EXERCISE
Nothing outside the stretch is wanted. Repeat exactly the lines of the listing below from the one that contains "風情のある個室でゆっくりと" through the one that contains "Used 2025 Jeep", both ends included.
----- EXCERPTED RECORDS
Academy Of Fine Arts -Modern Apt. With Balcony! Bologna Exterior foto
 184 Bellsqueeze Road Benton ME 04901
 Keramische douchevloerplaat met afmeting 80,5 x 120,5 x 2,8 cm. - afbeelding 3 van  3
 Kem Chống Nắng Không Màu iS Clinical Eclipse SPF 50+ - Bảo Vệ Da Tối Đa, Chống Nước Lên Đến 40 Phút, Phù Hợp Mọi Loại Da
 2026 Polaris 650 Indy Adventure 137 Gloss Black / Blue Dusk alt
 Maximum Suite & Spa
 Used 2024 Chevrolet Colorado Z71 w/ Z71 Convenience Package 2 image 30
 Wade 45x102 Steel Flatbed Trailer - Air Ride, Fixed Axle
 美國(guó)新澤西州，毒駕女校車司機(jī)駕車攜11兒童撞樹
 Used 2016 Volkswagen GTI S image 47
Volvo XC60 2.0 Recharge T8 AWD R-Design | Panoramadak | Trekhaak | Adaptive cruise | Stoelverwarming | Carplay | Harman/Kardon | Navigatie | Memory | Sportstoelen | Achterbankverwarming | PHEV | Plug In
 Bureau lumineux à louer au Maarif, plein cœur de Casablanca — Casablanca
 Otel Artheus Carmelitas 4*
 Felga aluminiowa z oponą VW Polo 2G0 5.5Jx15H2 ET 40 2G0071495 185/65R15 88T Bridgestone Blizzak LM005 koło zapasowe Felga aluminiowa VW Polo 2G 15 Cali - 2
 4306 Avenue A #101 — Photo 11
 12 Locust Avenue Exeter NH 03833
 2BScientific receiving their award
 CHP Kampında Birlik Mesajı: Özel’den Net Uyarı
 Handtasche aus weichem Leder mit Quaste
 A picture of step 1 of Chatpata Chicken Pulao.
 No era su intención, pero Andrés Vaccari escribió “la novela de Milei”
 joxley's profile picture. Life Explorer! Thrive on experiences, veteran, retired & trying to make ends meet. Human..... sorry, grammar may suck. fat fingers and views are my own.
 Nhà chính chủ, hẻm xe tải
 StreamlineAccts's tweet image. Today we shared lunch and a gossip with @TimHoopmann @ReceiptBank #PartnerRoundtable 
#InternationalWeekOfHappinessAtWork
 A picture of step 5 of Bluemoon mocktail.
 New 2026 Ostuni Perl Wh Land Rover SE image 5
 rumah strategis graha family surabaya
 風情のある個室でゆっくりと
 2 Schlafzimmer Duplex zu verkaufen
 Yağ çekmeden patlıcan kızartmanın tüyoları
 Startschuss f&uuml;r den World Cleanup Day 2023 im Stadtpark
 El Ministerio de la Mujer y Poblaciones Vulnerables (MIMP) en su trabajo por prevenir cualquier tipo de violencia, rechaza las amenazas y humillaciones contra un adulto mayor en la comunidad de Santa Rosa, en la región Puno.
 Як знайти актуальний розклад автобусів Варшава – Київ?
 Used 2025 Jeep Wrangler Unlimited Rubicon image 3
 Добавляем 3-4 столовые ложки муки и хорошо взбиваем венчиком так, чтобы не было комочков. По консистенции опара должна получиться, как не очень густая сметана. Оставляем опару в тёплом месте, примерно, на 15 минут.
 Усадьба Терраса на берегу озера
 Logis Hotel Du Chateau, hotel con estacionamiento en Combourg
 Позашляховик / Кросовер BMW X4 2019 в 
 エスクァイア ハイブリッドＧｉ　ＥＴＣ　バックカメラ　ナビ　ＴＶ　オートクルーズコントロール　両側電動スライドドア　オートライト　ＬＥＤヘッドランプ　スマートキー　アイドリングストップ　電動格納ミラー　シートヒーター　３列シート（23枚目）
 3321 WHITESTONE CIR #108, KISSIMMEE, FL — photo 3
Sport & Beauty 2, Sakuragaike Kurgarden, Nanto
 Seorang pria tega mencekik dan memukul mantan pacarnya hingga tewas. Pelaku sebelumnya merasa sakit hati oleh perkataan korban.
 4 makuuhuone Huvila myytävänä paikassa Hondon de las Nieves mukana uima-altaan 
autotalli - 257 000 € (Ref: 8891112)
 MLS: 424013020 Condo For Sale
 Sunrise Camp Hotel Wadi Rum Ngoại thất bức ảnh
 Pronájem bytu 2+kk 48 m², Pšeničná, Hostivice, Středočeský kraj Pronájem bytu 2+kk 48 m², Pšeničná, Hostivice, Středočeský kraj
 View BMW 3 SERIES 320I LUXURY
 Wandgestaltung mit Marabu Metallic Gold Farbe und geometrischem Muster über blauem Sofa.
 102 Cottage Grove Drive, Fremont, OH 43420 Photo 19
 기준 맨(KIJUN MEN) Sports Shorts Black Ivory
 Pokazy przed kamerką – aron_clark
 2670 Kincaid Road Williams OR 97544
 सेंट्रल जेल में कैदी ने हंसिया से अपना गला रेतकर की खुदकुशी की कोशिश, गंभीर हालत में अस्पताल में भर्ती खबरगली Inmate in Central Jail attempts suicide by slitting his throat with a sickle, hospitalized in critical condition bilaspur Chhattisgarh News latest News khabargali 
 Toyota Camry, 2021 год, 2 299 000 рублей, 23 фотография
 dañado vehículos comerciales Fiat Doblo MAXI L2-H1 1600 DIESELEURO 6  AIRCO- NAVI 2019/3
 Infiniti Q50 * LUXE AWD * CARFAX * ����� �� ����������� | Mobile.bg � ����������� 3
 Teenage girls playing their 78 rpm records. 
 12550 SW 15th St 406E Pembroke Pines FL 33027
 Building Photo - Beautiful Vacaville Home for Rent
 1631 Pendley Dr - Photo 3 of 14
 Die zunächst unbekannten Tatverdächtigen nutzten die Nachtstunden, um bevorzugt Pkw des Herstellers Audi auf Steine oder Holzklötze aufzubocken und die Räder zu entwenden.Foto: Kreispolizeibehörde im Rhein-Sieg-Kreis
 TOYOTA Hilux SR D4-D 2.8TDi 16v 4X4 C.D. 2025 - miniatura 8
----------
YOUR RESPONSE
 風情のある個室でゆっくりと
 2 Schlafzimmer Duplex zu verkaufen
 Yağ çekmeden patlıcan kızartmanın tüyoları
 Startschuss f&uuml;r den World Cleanup Day 2023 im Stadtpark
 El Ministerio de la Mujer y Poblaciones Vulnerables (MIMP) en su trabajo por prevenir cualquier tipo de violencia, rechaza las amenazas y humillaciones contra un adulto mayor en la comunidad de Santa Rosa, en la región Puno.
 Як знайти актуальний розклад автобусів Варшава – Київ?
 Used 2025 Jeep Wrangler Unlimited Rubicon image 3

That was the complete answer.